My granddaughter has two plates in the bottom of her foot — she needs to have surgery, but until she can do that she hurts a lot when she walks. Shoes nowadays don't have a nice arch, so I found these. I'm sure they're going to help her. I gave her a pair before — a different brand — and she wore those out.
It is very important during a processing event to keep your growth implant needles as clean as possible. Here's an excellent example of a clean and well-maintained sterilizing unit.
--
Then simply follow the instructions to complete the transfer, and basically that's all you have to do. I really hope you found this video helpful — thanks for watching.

REQUIREMENT: Lines wanted from the listing above: the line with "My granddaughter has" up to and including the line with "It is very important". Please write them out exactly, adding nothing else.

RESPONSE AREA:
My granddaughter has two plates in the bottom of her foot — she needs to have surgery, but until she can do that she hurts a lot when she walks. Shoes nowadays don't have a nice arch, so I found these. I'm sure they're going to help her. I gave her a pair before — a different brand — and she wore those out.
It is very important during a processing event to keep your growth implant needles as clean as possible. Here's an excellent example of a clean and well-maintained sterilizing unit.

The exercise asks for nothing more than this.